Big-Box Retail Stores, Shopping Centers & Other Transfer Act Land Mines for Connecticut Developers, Owners & Lenders

April 8, 2015

Written By: Paul Jacobi & David Speranzini, 

Environmental Attorneys

Be careful because you may just get what you wished for. Big-box retailers, home improvement stores, grocery stores and pharmacies are certainly desirable tenants. However, from a Transfer Act perspective these seemingly innocuous enterprises often generate significant quantities of hazardous waste. For example, take some stale or obsolete inventory (nail polish, pesticides, bleach), add returns which are discarded as waste, and finish it off with a dash of spent cleaning products previously used to maintain the appearance of the store. And like magic, you have created an establishment now subject to the Connecticut Property Transfer Act program! As seriously, both the owner and the retail tenant may also be storing and/or disposing of its waste in violation of state and federal environmental hazardous waste laws.


What is the solution?


First, leases must be drafted to assure that tenants do not generate sufficient quantities of hazardous waste to trigger the applicability of the Transfer Act. Leases must also include language assuring that tenants will comply with all federal and state environmental hazardous waste laws.

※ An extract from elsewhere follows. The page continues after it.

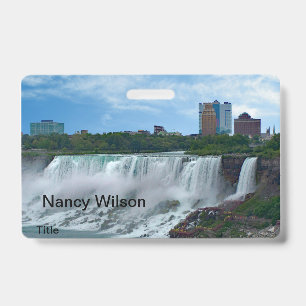 Badge Les chutes du Niagara du côté canadien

Second, tenants must understand the need to review their possible waste streams to avoid generating 100 kg of hazardous waste in any month.


Third, even if the Transfer Act avoidance is not practical, owners must assure that tenant operations are conducted in a manner that will minimize releases to the environment.


In summary, the importance of this commentary is to highlight the possible impact of large retail operations on Transfer Act applicability. These operations often fly below the radar, not raising any obvious warning signs. It should now be clear that the environmental aspects of these operations must be managed to assure that the owner-tenant relationship remains successful.